Gülal, Dumankaya şirketinde yaşanan mağduriyetlere ait bir sorunun iletilmesi üzerine de şunları söyledi:
"3 yıldır TMSF Başkanlığı yapıyorum ve beni en fazla yoran inşaat şirketlerimiz. Maalesef burada dairesini bekleyen mağdur arkadaşlarımız var, çabucak hemen 8 bin 156 düzeyinde. Vazifeye başladığımızda da 'Bu mağduriyetleri nasıl giderebiliriz?' diye hoş bir çalışma yaptık. Bir Alman küme 'Biz bu inşaatları tamamlarız.' diye bize geldi. Önemli olarak görüştük, biz onları değerlendirdik, onlar bizi tarttı ve bir muahede yaparak bilhassa Dumankaya'nın Sancaktepe Mozaik projelerini tamamlamak üzere başladık lakin Alman kümenin başına gelmeyen kalmadı. PKK Almanya'daki ofislerini bastı, Dumankaya ailesinin oradaki mensupları bunları tehdit ettiler, burada taşeronlarla ilgili baskılar sonucunda sorunlar yaşadık ve işler çok ağır gitti. En son geçen hafta prestijiyle bir ortaya geldik ve inşallah o iki projeyi tamamlayacaklar, yüzde 90-95 düzeyine geldi. Sonrasında tekrar bir ortaya gelip 'Onlarla mı devam edeceğiz, yoksa biz farklı bir modelle mağduriyeti nasıl gideririz?' diye bir çalışma yapacağız."
Burada önemli bir mağduriyet yaşandığını vurgulayan Gülal, "İnanın en fazla çözmek istediğim bahis bu. Malum inşaat firmalarını biliyorsunuz, öz kaynak yok, para yok, daima bu türlü model üzerinden satarak finanse ediyorlar ve finansman kasaları boş. Şunu da net olarak söyleyeyim; ne devlet ne TMSF geri alamayacağı bir lirayı oraya koymaz.
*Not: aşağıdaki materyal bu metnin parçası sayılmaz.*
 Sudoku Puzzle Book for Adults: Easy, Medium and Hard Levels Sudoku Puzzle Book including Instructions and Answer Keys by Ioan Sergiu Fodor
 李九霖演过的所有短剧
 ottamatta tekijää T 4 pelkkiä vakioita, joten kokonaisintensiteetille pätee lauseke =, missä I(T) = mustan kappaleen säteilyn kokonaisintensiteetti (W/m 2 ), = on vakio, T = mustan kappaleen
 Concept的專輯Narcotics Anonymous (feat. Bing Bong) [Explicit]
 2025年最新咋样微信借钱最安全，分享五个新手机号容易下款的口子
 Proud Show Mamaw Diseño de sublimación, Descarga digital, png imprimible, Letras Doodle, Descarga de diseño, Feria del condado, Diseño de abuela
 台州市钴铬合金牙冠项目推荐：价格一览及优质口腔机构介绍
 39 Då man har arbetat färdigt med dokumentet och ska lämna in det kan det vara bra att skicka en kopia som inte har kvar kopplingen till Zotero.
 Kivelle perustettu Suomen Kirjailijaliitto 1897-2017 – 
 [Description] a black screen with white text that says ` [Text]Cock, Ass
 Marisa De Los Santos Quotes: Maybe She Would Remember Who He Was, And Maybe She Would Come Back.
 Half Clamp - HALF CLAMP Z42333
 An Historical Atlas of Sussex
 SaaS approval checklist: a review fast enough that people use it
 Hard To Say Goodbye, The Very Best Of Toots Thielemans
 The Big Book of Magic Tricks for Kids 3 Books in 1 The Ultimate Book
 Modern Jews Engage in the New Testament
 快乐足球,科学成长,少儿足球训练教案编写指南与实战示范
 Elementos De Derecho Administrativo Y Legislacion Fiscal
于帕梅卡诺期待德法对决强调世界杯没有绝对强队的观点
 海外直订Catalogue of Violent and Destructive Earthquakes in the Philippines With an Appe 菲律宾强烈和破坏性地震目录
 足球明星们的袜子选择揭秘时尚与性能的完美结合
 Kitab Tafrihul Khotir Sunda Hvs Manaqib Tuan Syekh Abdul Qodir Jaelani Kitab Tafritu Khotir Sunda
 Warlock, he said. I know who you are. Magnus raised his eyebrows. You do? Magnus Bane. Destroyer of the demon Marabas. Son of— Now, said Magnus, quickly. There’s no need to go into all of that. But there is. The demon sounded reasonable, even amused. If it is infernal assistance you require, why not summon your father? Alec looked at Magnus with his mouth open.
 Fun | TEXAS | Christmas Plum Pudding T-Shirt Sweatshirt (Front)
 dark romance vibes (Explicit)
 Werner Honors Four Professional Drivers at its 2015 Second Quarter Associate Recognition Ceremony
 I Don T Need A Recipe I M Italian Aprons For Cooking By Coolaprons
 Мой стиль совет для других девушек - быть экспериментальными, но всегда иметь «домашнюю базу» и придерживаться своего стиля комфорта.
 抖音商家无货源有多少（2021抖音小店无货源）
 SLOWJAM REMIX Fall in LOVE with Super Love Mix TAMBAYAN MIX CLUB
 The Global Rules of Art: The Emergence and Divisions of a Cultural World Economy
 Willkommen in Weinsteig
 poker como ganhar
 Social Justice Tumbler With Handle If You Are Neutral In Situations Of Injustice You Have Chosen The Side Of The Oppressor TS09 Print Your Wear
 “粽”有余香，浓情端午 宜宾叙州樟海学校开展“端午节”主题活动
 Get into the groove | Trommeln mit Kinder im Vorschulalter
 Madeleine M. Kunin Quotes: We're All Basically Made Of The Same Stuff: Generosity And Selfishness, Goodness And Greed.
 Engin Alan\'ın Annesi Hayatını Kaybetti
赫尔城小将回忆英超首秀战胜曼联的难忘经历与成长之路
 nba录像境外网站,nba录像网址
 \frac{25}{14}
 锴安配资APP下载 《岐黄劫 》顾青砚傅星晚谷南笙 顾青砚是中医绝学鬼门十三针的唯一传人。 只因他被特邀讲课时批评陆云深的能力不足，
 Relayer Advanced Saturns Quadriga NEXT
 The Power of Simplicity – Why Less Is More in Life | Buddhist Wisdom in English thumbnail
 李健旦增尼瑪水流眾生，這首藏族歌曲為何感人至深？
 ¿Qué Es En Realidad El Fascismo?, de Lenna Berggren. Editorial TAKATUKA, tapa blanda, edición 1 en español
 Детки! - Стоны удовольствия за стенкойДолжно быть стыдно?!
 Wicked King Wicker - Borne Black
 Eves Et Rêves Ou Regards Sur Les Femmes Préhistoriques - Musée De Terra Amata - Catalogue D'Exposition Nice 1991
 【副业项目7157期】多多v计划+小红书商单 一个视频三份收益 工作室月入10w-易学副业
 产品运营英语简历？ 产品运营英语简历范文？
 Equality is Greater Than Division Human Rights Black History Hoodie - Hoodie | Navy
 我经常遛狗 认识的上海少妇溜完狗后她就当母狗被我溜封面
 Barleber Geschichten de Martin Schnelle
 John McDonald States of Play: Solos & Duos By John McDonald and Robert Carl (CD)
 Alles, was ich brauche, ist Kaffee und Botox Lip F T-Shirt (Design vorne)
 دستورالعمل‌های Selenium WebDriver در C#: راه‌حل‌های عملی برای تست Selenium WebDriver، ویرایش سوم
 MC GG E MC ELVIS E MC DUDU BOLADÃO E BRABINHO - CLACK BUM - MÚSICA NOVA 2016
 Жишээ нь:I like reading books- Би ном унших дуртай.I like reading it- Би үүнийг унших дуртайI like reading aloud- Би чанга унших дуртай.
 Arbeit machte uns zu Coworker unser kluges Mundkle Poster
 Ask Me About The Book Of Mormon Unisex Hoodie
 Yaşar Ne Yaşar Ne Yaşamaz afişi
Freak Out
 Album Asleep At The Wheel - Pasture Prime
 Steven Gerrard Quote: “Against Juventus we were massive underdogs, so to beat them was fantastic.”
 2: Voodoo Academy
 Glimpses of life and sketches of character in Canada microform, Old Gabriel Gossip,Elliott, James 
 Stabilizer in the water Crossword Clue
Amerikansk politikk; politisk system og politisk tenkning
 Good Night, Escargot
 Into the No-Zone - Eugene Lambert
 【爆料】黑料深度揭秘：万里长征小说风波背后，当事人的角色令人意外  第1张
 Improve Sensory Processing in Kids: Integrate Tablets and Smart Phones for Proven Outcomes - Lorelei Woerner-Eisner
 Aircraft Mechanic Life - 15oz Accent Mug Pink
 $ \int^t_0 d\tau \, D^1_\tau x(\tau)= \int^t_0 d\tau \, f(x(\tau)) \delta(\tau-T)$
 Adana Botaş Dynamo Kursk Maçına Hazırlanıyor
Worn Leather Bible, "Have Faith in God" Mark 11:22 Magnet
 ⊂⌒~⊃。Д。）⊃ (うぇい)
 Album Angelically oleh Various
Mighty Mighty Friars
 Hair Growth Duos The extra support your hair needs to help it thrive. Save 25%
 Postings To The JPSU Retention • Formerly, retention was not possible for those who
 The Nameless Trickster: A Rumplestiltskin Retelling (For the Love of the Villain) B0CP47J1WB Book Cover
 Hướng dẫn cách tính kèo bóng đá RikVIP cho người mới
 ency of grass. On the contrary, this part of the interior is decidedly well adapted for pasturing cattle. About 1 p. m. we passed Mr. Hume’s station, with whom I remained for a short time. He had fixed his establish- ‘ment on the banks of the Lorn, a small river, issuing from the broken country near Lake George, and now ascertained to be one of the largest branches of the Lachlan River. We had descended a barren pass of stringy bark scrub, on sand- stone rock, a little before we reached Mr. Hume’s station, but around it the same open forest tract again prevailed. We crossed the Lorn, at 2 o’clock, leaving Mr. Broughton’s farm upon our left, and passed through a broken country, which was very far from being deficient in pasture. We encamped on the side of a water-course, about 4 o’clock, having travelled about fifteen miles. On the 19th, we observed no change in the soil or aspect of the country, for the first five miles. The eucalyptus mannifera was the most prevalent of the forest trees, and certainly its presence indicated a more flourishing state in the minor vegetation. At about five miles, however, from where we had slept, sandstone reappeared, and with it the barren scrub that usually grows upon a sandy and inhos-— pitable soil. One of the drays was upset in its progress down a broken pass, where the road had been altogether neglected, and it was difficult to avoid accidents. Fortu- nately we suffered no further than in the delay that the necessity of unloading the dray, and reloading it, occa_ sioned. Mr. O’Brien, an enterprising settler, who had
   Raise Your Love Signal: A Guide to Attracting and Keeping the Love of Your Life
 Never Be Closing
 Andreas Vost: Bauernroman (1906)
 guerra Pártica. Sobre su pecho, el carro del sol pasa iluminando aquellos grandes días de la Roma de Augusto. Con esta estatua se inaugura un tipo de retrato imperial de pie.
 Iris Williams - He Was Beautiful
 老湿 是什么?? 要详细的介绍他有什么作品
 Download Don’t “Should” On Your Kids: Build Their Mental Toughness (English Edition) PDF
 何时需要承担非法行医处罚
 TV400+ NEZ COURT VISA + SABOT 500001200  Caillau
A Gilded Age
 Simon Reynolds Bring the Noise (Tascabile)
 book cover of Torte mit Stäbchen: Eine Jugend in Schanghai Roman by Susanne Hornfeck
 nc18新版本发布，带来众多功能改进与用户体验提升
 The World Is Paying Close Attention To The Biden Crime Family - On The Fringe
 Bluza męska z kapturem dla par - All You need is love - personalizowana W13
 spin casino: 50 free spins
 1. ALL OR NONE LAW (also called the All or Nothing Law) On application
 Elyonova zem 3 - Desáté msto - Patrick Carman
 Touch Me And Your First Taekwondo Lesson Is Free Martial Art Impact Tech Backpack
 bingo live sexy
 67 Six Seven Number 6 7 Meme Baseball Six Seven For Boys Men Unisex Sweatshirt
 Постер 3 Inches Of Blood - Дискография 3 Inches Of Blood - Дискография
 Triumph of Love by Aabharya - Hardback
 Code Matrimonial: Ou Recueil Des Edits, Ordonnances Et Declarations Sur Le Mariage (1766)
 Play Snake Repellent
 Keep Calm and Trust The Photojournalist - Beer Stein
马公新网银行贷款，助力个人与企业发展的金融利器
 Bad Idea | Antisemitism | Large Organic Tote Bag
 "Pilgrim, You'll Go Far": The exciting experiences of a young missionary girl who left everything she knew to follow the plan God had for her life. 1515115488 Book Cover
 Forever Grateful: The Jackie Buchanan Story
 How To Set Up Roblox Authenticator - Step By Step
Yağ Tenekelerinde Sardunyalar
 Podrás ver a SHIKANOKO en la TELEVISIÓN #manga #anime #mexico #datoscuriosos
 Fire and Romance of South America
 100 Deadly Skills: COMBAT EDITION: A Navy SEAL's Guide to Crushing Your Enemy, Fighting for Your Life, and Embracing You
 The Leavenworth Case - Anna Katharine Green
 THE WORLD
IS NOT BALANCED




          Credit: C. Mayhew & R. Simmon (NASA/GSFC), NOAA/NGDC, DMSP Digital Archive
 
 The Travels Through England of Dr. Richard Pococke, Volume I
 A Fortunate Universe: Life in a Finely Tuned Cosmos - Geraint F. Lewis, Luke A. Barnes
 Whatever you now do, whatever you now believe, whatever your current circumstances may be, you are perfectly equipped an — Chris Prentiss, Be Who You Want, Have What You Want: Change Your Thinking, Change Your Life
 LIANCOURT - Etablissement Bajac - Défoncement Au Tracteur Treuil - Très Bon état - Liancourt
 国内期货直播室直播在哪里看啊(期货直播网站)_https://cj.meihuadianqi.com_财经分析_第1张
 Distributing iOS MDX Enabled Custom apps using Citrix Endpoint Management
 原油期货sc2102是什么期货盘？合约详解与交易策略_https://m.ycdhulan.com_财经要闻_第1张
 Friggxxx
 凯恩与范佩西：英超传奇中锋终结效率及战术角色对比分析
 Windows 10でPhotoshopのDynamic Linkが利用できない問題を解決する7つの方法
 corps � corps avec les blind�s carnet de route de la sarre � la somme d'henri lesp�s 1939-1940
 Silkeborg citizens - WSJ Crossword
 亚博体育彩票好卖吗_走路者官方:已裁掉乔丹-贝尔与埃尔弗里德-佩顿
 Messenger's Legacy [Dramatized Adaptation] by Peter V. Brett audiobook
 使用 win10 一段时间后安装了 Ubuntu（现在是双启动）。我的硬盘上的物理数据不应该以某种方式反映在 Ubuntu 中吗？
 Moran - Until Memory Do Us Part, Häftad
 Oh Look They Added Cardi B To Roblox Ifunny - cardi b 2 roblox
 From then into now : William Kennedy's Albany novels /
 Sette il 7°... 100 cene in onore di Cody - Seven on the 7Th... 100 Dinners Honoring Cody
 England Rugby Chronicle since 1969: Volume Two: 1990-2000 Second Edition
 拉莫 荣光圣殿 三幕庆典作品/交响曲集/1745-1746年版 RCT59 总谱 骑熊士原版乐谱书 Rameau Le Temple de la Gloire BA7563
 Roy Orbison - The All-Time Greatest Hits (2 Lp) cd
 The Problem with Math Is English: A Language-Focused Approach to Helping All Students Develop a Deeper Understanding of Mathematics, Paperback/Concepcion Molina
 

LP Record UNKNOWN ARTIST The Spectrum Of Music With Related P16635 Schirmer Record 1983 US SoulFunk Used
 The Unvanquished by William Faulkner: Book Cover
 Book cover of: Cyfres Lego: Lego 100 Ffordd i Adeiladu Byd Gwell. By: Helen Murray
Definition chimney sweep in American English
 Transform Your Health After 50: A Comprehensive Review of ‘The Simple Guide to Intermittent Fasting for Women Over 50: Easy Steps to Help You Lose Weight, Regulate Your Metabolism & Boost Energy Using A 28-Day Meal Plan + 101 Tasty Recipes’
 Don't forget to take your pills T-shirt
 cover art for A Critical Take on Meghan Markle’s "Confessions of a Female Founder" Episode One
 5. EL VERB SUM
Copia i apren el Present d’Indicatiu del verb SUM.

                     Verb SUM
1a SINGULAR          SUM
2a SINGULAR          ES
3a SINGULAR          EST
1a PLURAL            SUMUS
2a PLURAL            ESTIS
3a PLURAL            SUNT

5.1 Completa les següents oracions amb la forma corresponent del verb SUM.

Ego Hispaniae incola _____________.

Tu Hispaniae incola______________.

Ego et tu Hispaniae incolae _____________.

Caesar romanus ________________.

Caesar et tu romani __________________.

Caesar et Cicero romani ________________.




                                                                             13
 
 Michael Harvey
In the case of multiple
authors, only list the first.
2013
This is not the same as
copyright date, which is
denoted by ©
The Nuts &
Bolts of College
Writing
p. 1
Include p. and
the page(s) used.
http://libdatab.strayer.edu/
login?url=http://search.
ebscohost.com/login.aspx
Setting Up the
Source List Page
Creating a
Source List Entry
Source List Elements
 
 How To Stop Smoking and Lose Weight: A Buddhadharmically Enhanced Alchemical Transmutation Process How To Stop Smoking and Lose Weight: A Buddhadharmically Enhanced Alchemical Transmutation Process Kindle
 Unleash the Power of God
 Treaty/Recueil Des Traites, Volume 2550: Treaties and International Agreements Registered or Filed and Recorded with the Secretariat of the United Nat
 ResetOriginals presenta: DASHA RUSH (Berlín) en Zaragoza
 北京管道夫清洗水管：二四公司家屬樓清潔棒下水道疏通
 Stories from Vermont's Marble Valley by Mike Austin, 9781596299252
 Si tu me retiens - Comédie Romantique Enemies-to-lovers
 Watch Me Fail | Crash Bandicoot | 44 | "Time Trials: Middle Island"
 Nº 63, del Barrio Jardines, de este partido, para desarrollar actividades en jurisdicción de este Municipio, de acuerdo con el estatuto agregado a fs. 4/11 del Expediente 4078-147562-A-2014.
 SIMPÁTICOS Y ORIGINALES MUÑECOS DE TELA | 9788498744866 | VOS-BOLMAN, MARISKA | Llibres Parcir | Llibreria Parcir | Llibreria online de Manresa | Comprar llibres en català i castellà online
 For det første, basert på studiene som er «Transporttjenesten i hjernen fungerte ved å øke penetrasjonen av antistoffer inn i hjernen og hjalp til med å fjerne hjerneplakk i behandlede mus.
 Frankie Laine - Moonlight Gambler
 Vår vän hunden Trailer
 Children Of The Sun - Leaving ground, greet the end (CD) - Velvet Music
Ben de koymam. Fi Yapı'da mağduriyet oluşalı 10 yıl oldu, 2007-2008'den bu yana o beşerler para bekliyor. Devreye TMSF girince vatandaşlarımız iştahlandı haklı olarak lakin inanın Fi Yapı'nın kasasında bir lira bile yok. Hatta orada ufak tefek maaş veriyorduk, onları da artık verecek durumda değiliz."
"ŞİRKETLERE YERLİ VE YABANCI KÜMELERDEN İLGİ VAR"
Muhittin Gülal, şirketlerin satışına yönelik kestirim edilen bir mühlet olup olmadığı, gelen talep ve satış tekniği hakkında da soruları yanıtladı.
Kendi idareleri altındaki yapının satış sürecini anlatan Gülal, burada firmanın ekonomik devamlılığını ve sürdürülebilirliği temel aldıklarını söyledi.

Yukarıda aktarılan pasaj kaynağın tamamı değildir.